Singapore tightens monetary policy as energy shock drives inflation risks

Central bank moves to strengthen currency and contain rising import costs as Middle East conflict threatens growth outlook

Updated 3 months ago · Published on 14 Apr 2026 9:24AM

Singapore tightens monetary policy as energy shock drives inflation risks
Prices of imported intermediate goods and final consumer products are also expected to rise, with knock-on effects for food, retail and other everyday expenses - April 14, 2026

SINGAPORE has tightened its monetary policy stance for the first time since 2022, as surging global energy prices triggered by the Iran conflict drive inflationary pressures and cloud the economic outlook.

The Straits Times cited the Monetary Authority of Singapore (MAS) saying on Tuesday that it would steepen the slope of its Singapore dollar nominal effective exchange rate policy band, signalling a controlled appreciation of the currency to offset rising import costs.

At the same time, the central bank raised its 2026 inflation forecasts, projecting both headline and core inflation to average between 1.5 and 2.5 per cent, up from its earlier estimate of 1 to 2 per cent.

“Singapore’s imported energy costs have already risen.
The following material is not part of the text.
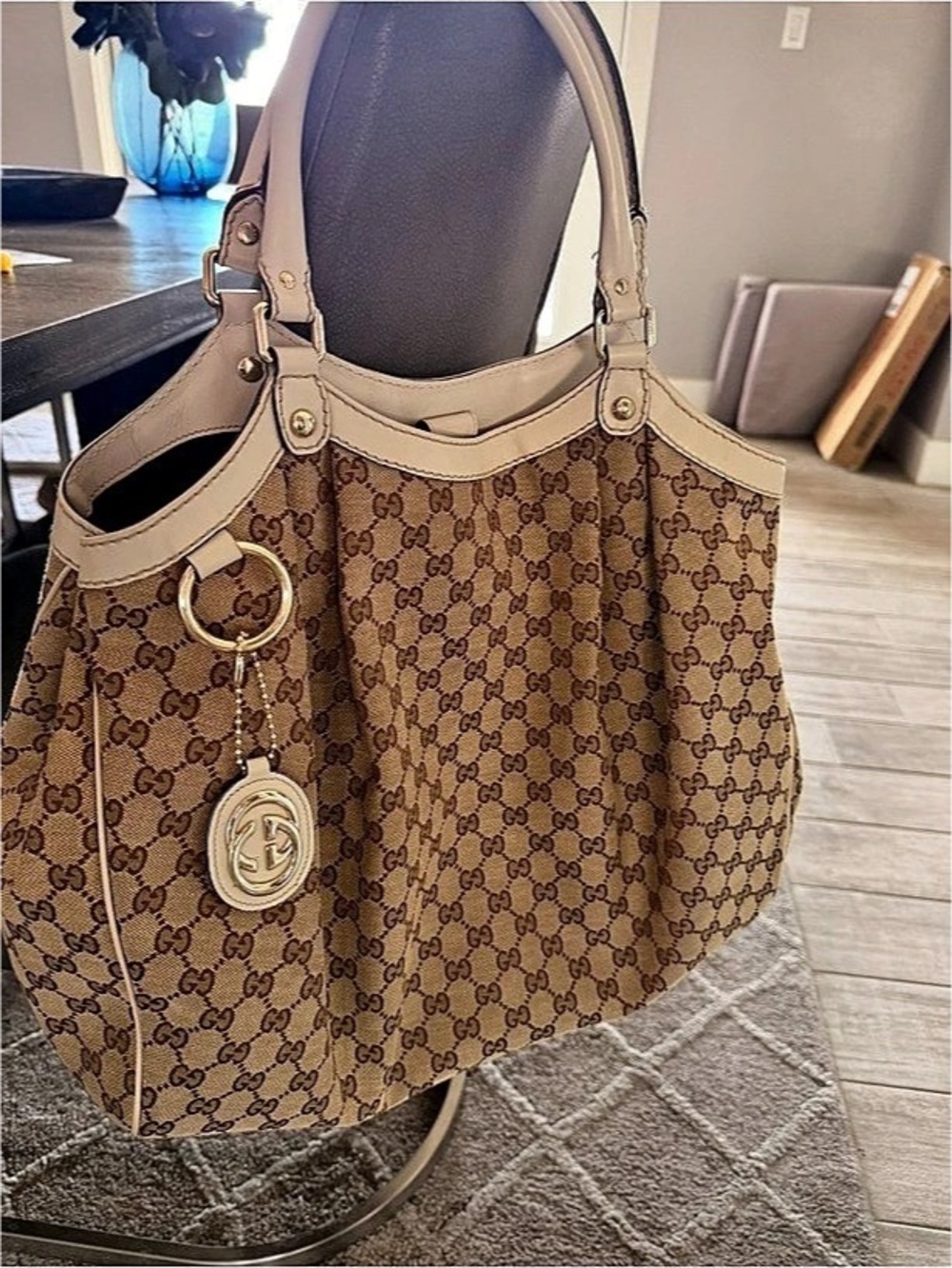 Gucci GG Canvas Sukey Medium Tote Shoulder Bag Brown & Beige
Prices of a wider range of imported goods and services are expected to increase in the quarters ahead. Consequently, MAS core inflation will pick up and remain elevated over the next few quarters.

“MAS will, therefore, increase slightly the rate of appreciation of the S$NEER policy band. There will be no change to its width and the level at which it is centred.”
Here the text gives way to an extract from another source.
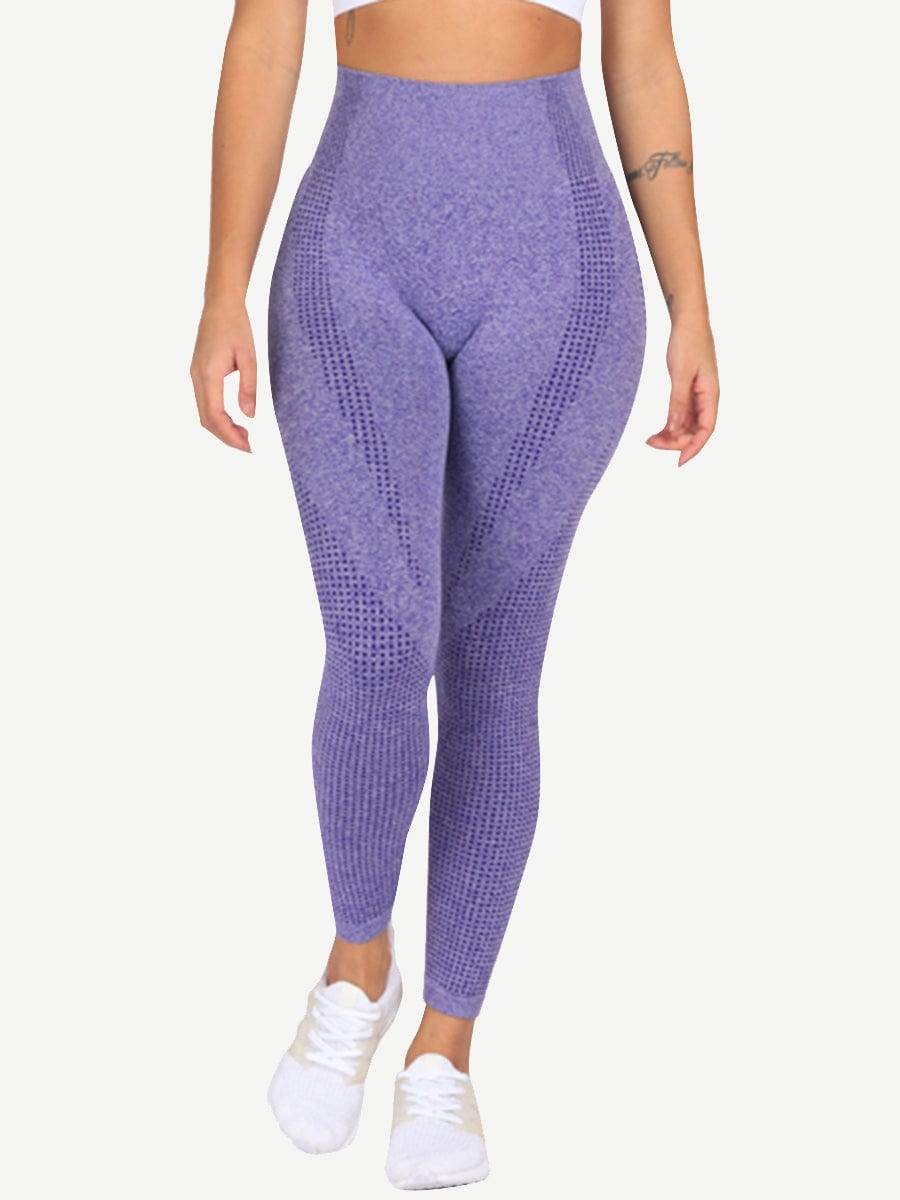 Shop Blue High Waist Yoga Leggings Full Length Elasticated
The S$NEER framework manages the Singapore dollar against a trade-weighted basket of currencies, forming the cornerstone of the city-state’s exchange rate-based monetary policy.
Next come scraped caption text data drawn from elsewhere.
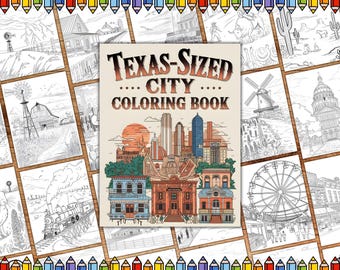 Texas City Coloring Book, Adult And Kids Coloring Pages, Realism Coloring Sheets, Grayscale Coloring Book, Austin Cafe Scenes Coloring Pages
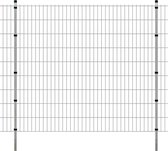 Dubbelstaafmatten en palen 2008x1830 mm 8 m zilverkleurig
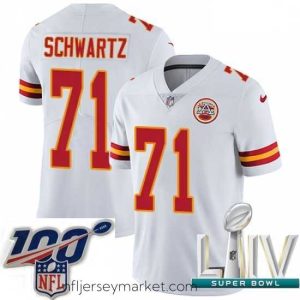 Luxurious 2020 Super Bowl LIV Nike Kansas City Chiefs #71 Mitchell Schwartz White Vapor Untouchable Limited Player NFL Jersey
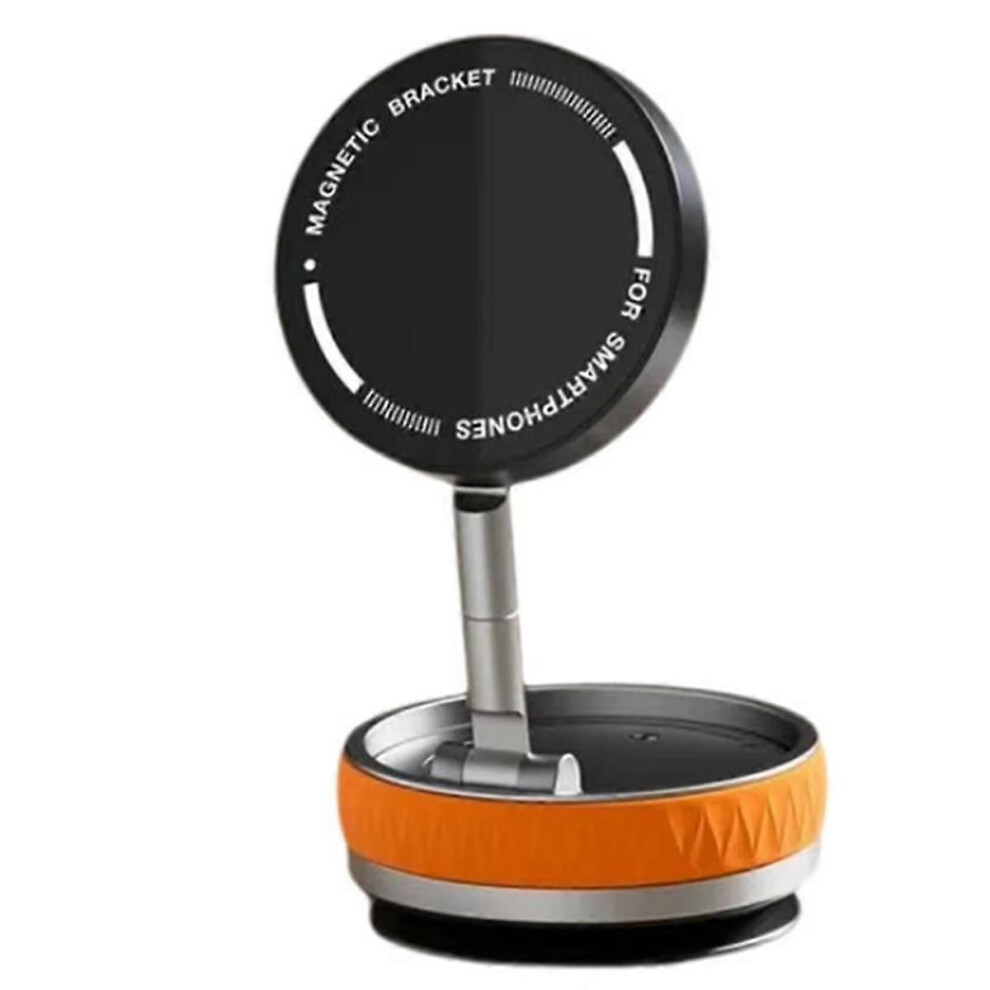 360 Degree Rotating Vacuum Suction Cup Magnetic Mobile Holder Phone Car Suction Folding Navigation Holder Orange 9319739804317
Singapore’s S$NEER framework is the core mechanism MAS uses to conduct monetary policy instead of setting interest rates like most central banks. S$NEER stands for Singapore dollar Nominal Effective Exchange Rate.

The move comes as oil and natural gas prices surge following the escalation of conflict in the Middle East, including disruptions to shipping through the Strait of Hormuz, a critical artery for global energy supplies.

MAS warned that higher crude oil, gas and fuel prices will directly feed into electricity, transport and broader consumer costs in the months ahead.

“Even if supplies from the Middle East are restored, global energy prices are likely to remain elevated for some time,” the central bank said, adding: “As higher energy costs pass through supply chains worldwide, a broader range of Singapore’s import costs will increase.”

Prices of imported intermediate goods and final consumer products are also expected to rise, with knock-on effects for food, retail and other everyday expenses.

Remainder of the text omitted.